§ **Your task**
Word for word, copy out the data below, omitting pictures.

§ **Provided material**
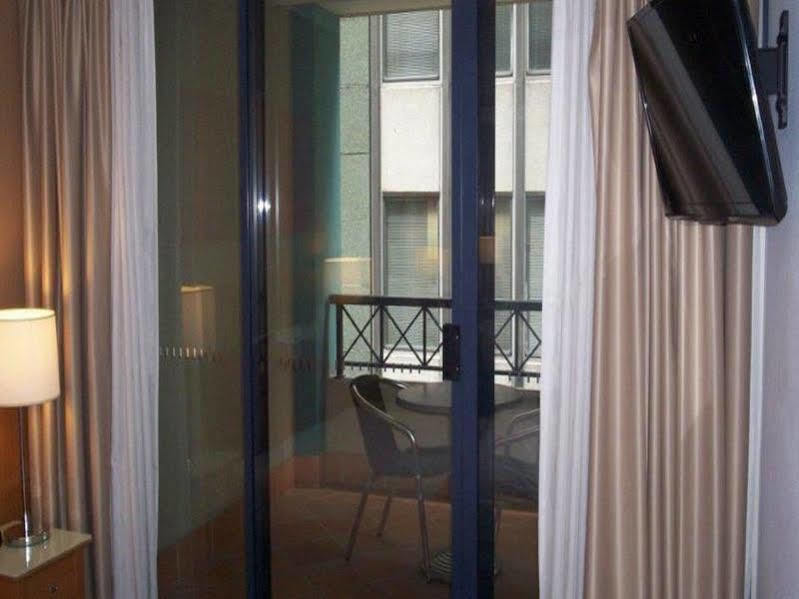 Adina Serviced Martin Place Aparthotel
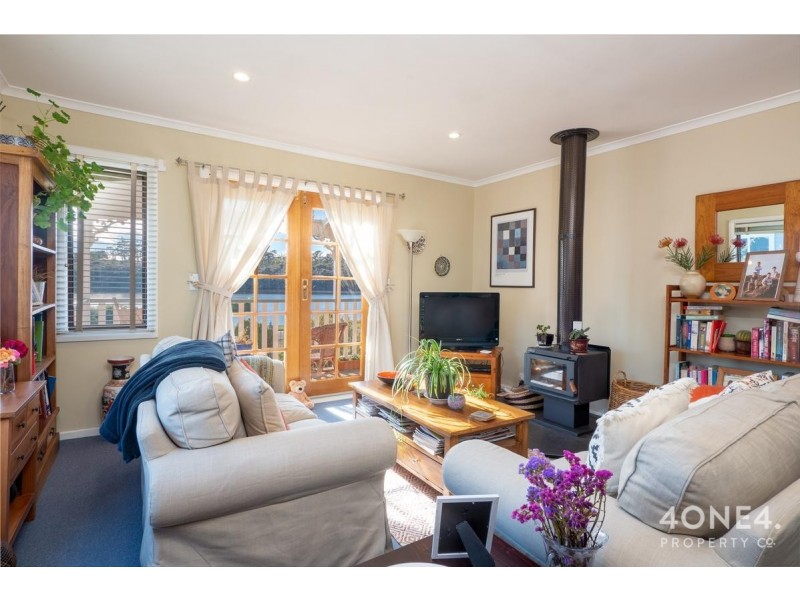 9 Curlew Parade, Claremont TAS 7011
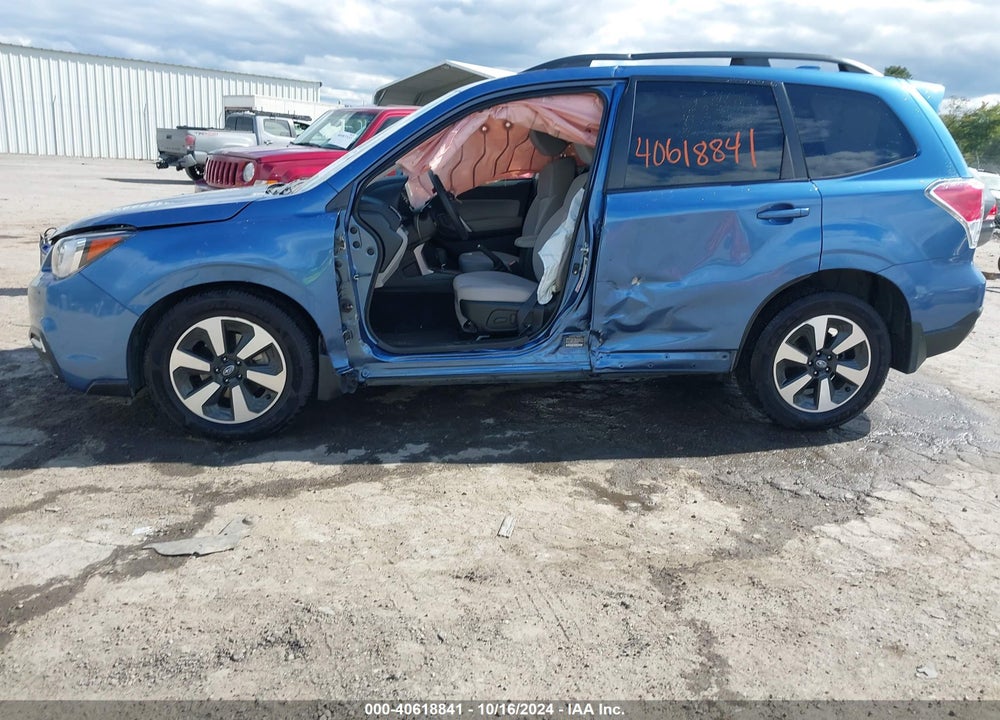 2018 SUBARU FORESTER 2.5I PREMIUM VIN: JF2SJAGC3JH455697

§ **Answer to the problem**
 Adina Serviced Martin Place Aparthotel
 9 Curlew Parade, Claremont TAS 7011
 2018 SUBARU FORESTER 2.5I PREMIUM VIN: JF2SJAGC3JH455697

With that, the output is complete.